WHAT THE TASK ASKS
Leaving out every picture, copy the lines of the material below exactly, from the line containing "I certainly don't" through the line containing "Senior Machine Learning".

INPUT MATERIAL

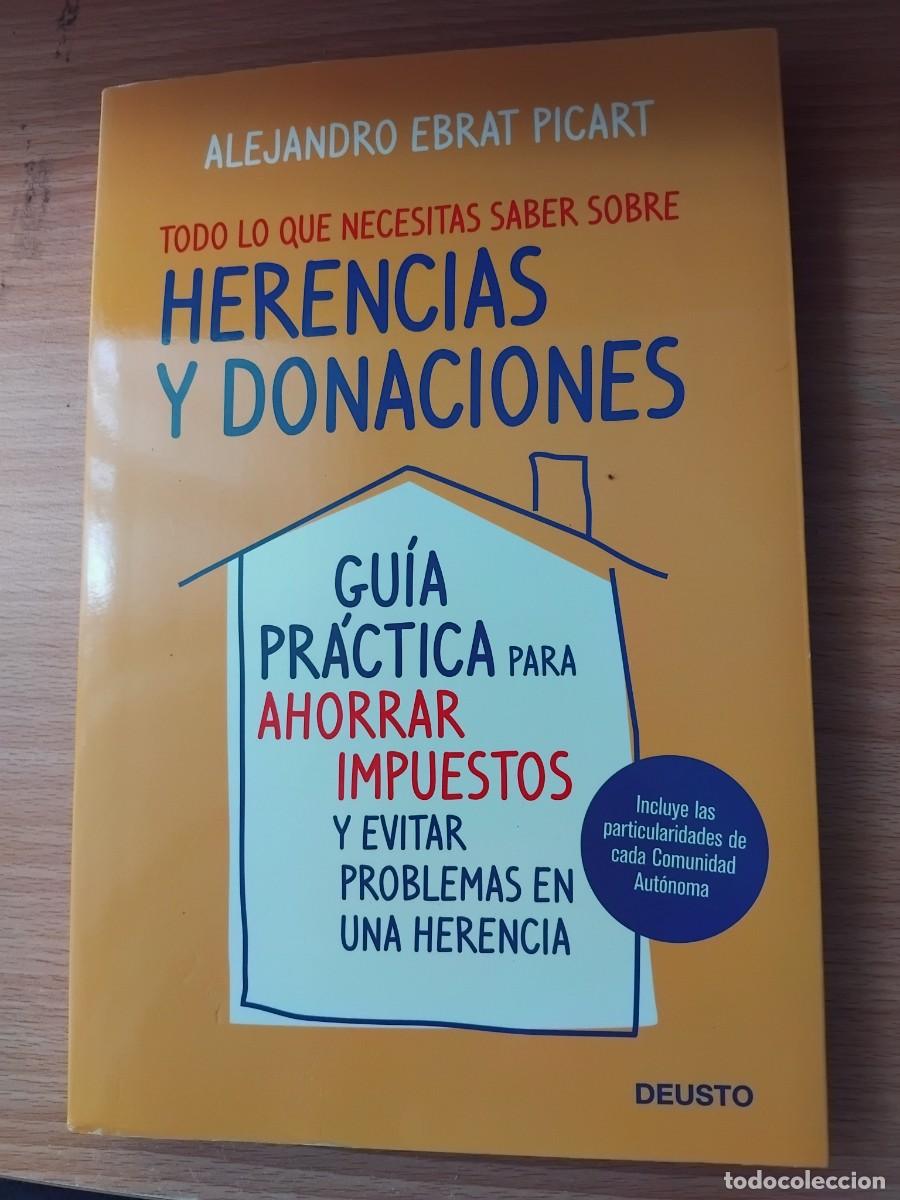 Libros de segunda mano: Todo lo que necesitas saber sobre Herencias y Donaciones;A.Ebrat Picart;Centro Libros;2011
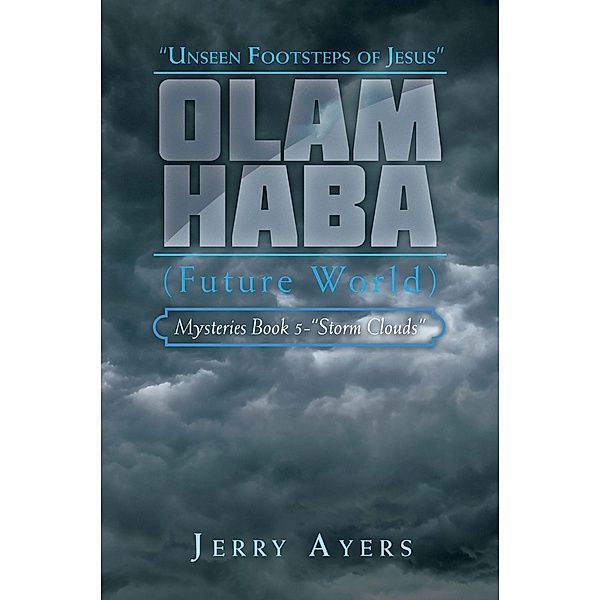 Olam Haba (Future World) Mysteries Book 5-Storm Clouds, Jerry Ayers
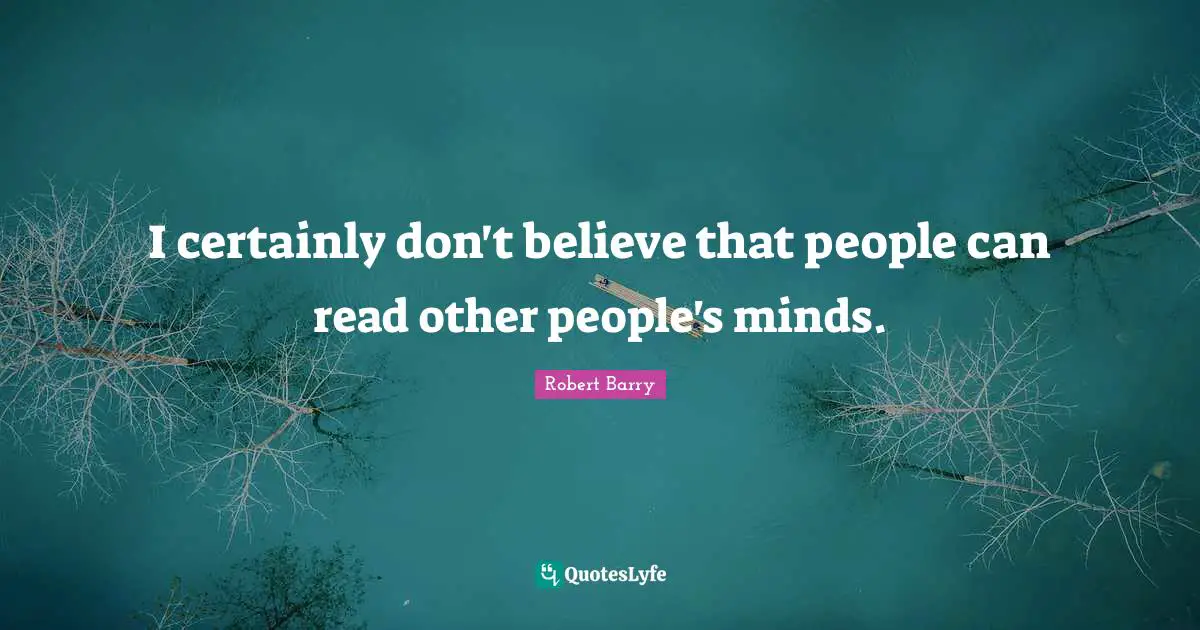 I certainly don't believe that people can read other people's minds.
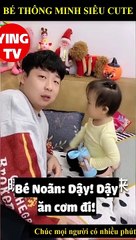 Bé Noãn đã quay trở lại và lợi hại hơn xưa -3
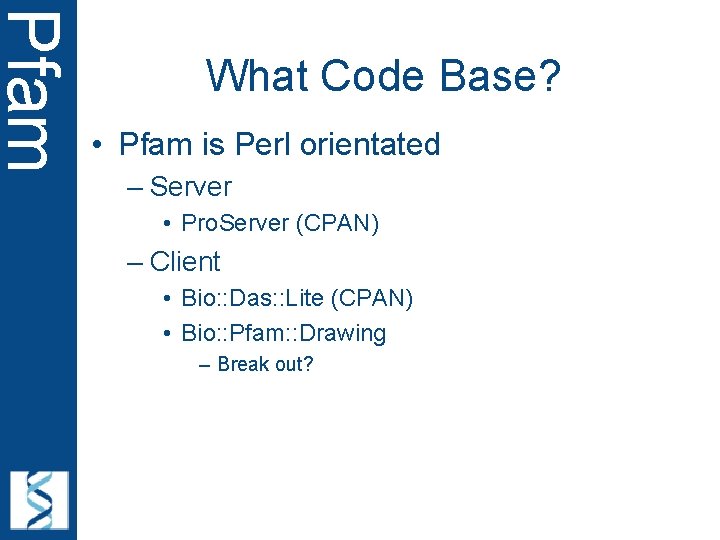 Pfam What Code Base? • Pfam is Perl orientated – Server • Pro. Server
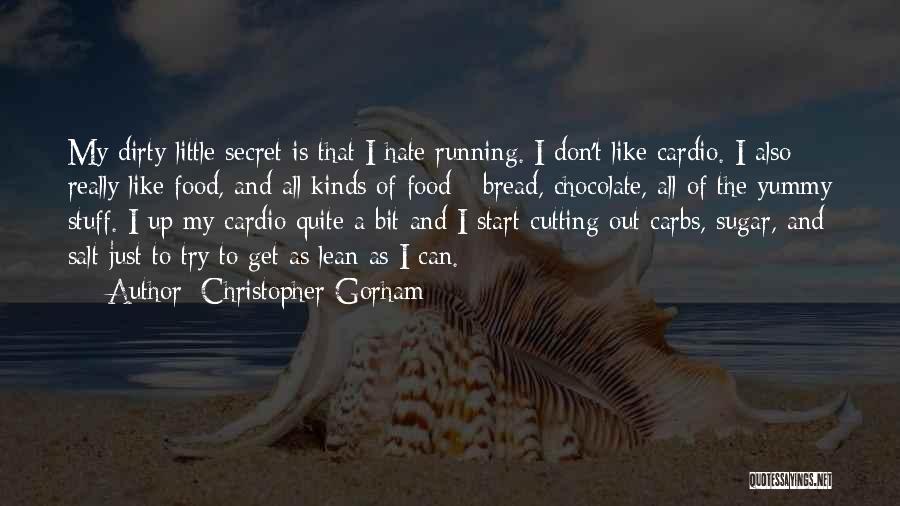 Bread And Chocolate Quotes By Christopher Gorham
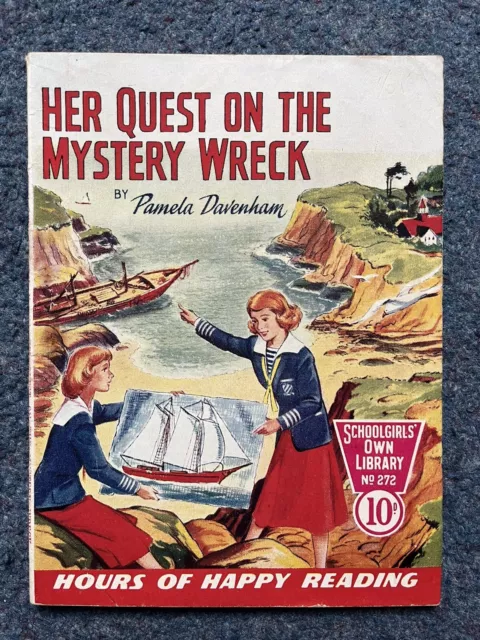 SCHOOLGIRLS OWN LIBRARY No. 272 Her Quest on the Mystery Wreck - Pamela Davenham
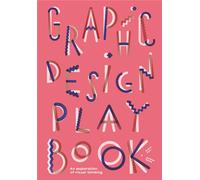 Graphic Design Play Book: An Exploration of Visual Thinking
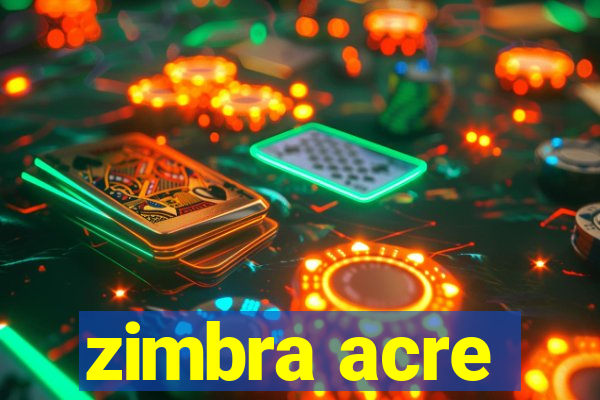 zimbra acre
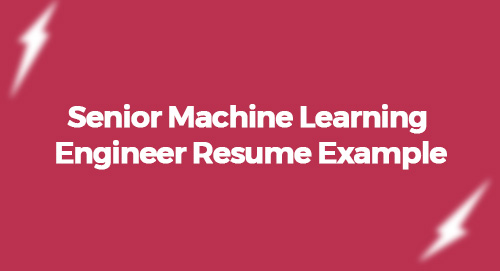 Senior Machine Learning Engineer Resume Example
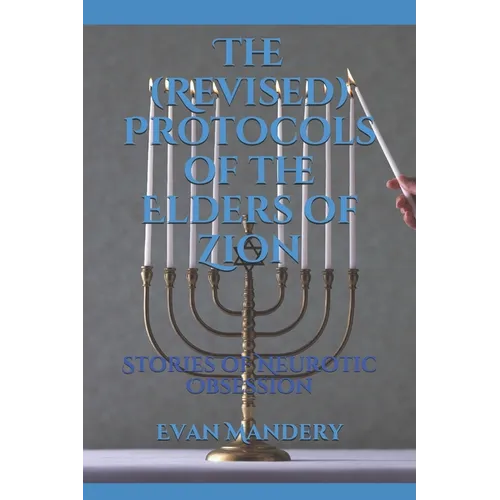 The (Revised) Protocols of the Elders of Zion: Stories of Neurotic Obsession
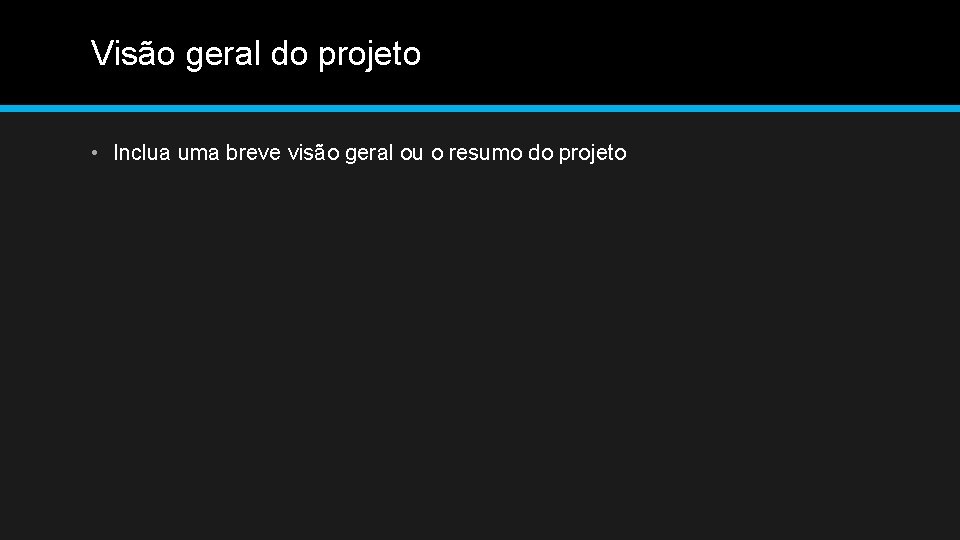 Visão geral do projeto • Inclua uma breve visão geral ou o resumo do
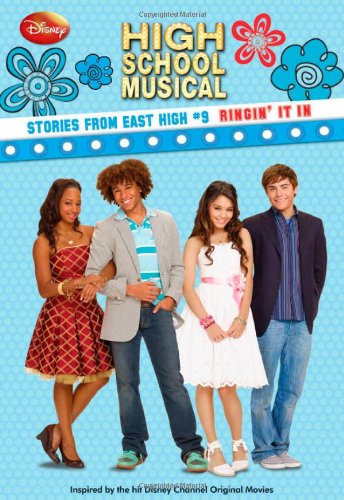 9781423115694: Ringin' It In (High School Musical Stories from East High, 9)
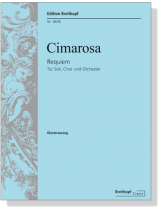 Cimarosa【Requiem】für Soli, Chor und Orchester , Klavierauszug Cimarosa【Requiem】für Soli, Chor und Orchester , Klavierauszug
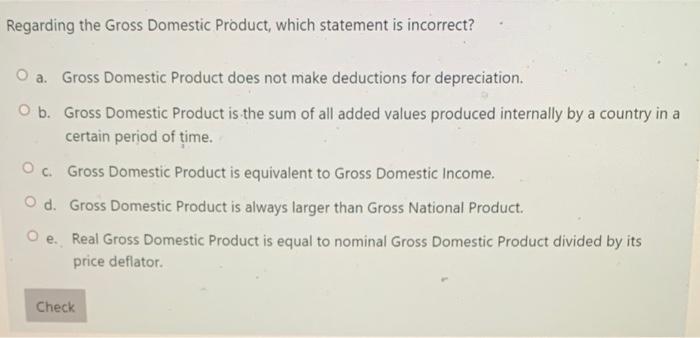 Regarding The Gross Domestic Product Which Statement Is Incorrect A Gross Domestic Product Does Not Make Deductions F 1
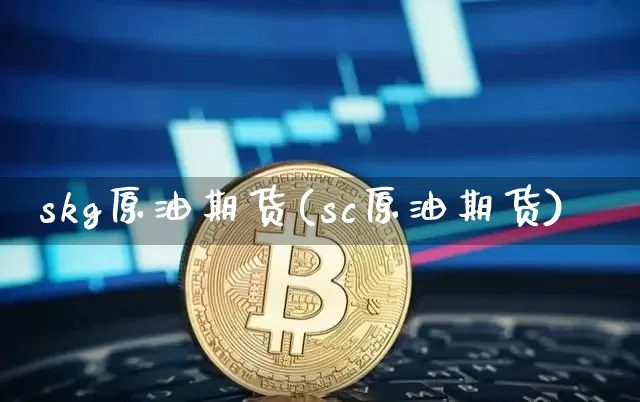 skg原油期货(sc原油期货)_https://www.tuogunzhijia.com_道指期货_第1张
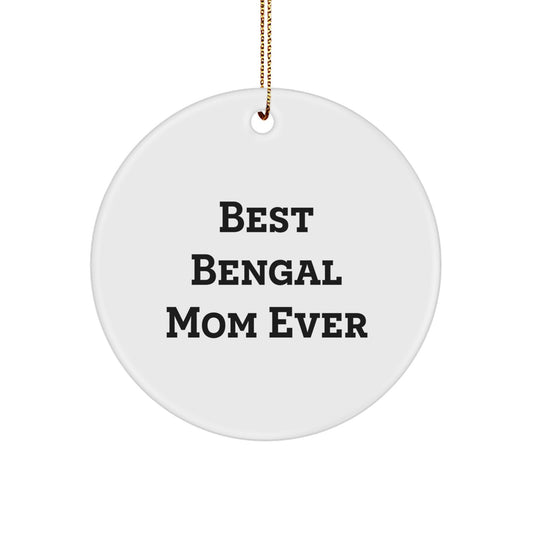 Bengal Cat Gifts for Bengal Cat Lovers, Funny Bengal Mom Quotes, Bengal Cat Circle Ornament, Christmas Unique Gifts from Friends and Family - Image 1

EXPECTED ANSWER
 I certainly don't believe that people can read other people's minds.
 Bé Noãn đã quay trở lại và lợi hại hơn xưa -3
 Pfam What Code Base? • Pfam is Perl orientated – Server • Pro. Server
 Bread And Chocolate Quotes By Christopher Gorham
 SCHOOLGIRLS OWN LIBRARY No. 272 Her Quest on the Mystery Wreck - Pamela Davenham
 Graphic Design Play Book: An Exploration of Visual Thinking
 zimbra acre
 Senior Machine Learning Engineer Resume Example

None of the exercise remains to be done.